-- Dataset records --
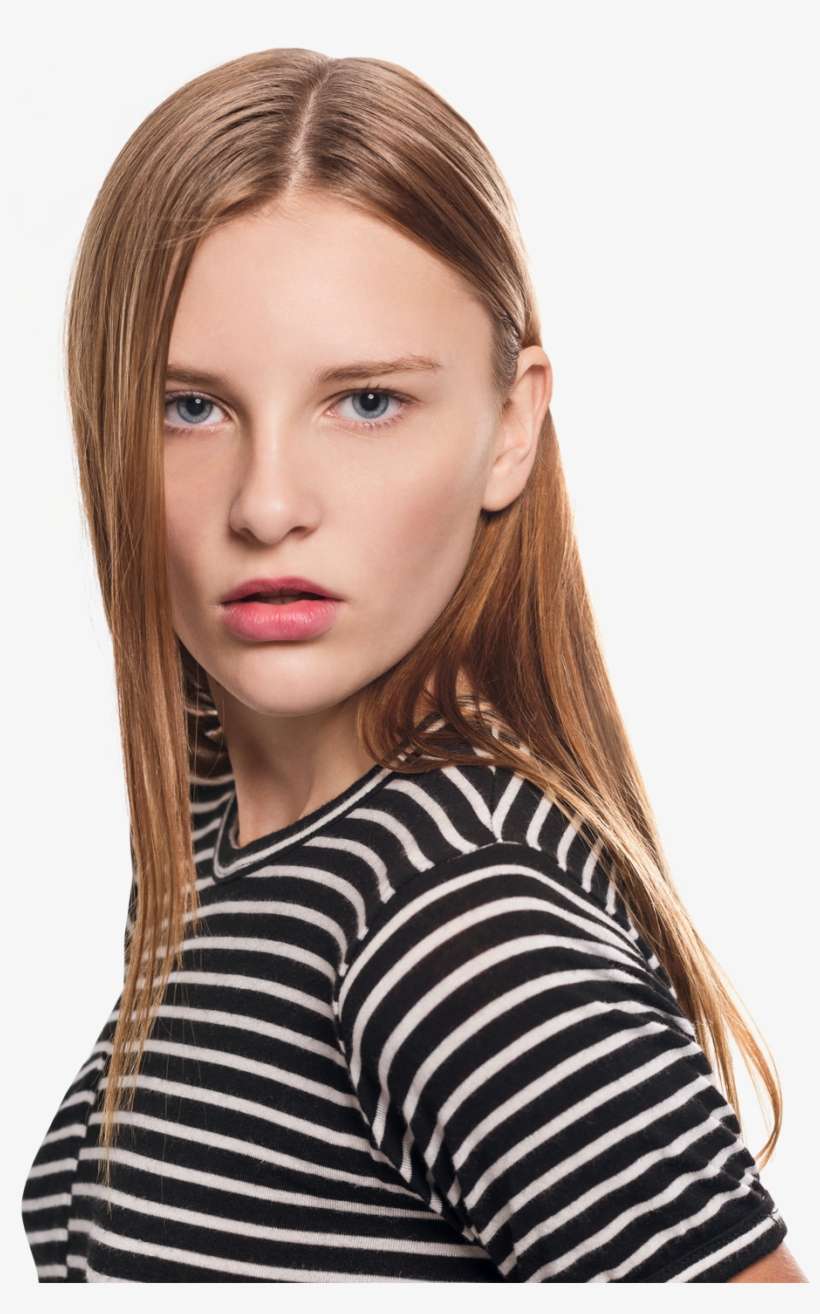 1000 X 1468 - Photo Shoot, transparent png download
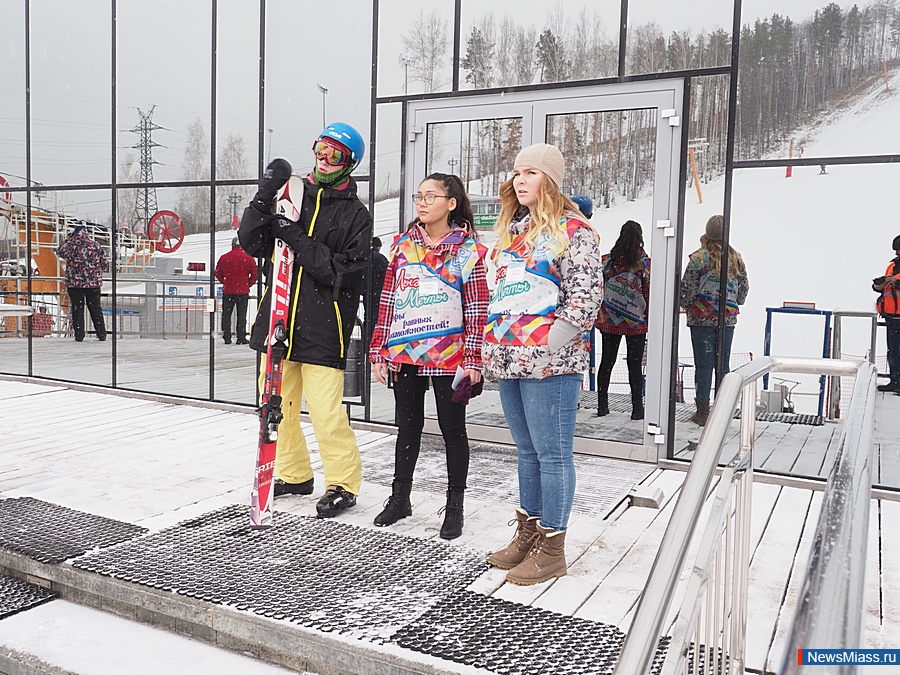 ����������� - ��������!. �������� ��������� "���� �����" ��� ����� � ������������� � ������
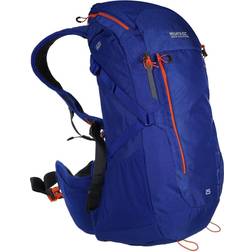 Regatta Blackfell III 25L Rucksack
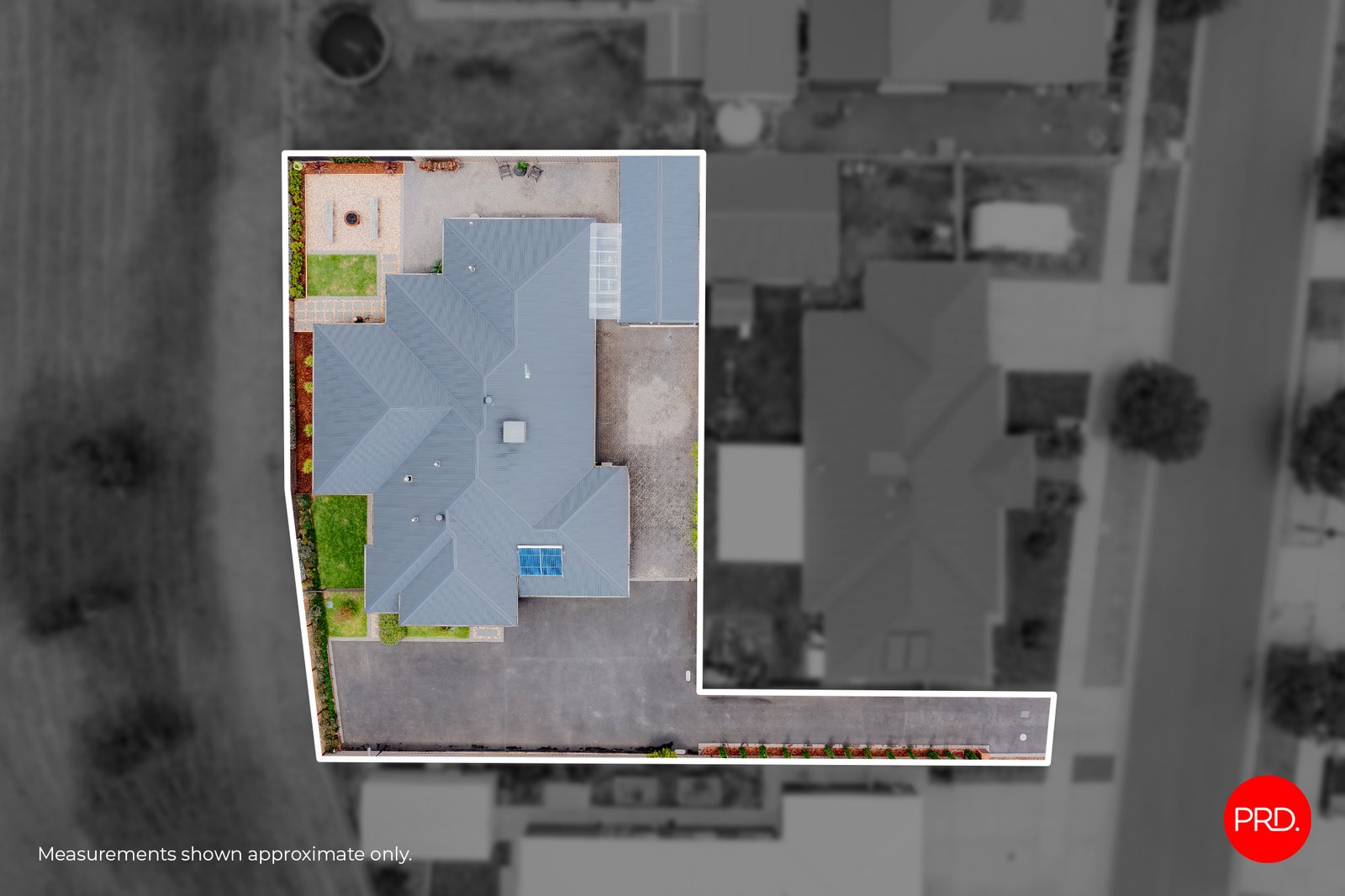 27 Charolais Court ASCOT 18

---

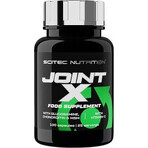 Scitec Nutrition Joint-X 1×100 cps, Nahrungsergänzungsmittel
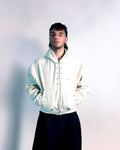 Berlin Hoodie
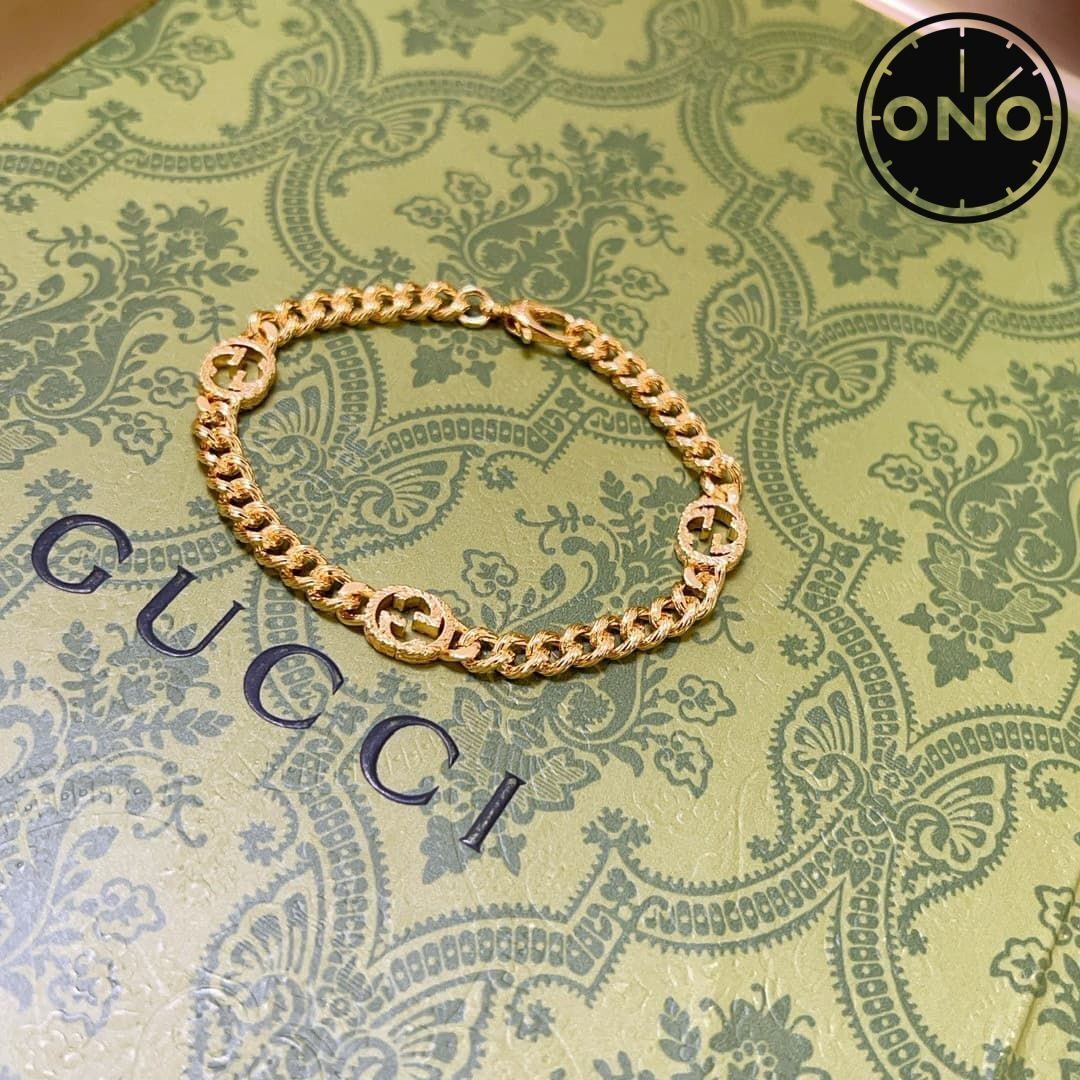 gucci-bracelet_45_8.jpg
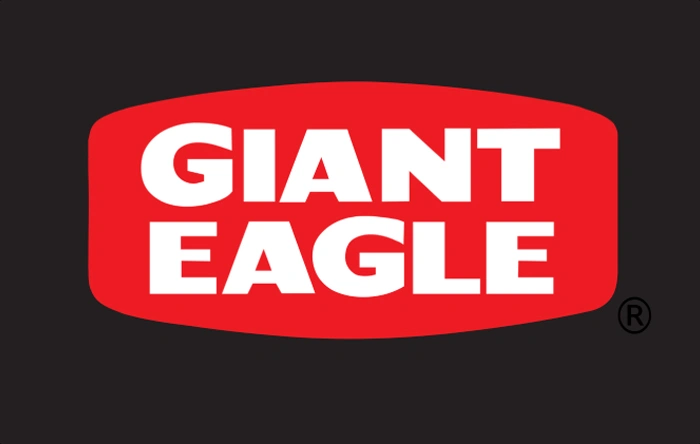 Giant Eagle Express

---

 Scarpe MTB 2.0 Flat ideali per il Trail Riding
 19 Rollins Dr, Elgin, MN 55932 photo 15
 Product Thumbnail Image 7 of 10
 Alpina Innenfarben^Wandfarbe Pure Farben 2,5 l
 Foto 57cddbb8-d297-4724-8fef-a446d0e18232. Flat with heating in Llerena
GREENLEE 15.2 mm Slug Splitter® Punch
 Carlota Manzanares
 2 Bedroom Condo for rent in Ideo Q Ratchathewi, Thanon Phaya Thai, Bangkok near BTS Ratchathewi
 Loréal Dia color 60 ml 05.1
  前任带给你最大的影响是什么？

-- Work item --
Out of the data above, transcribe exactly and only the lines starting with the line that has "Carlota Manzanares" and going on through the line that has "前任带给你最大的影响是什么？", both included.

-- Response to the exercise --
 Carlota Manzanares
 2 Bedroom Condo for rent in Ideo Q Ratchathewi, Thanon Phaya Thai, Bangkok near BTS Ratchathewi
 Loréal Dia color 60 ml 05.1
  前任带给你最大的影响是什么？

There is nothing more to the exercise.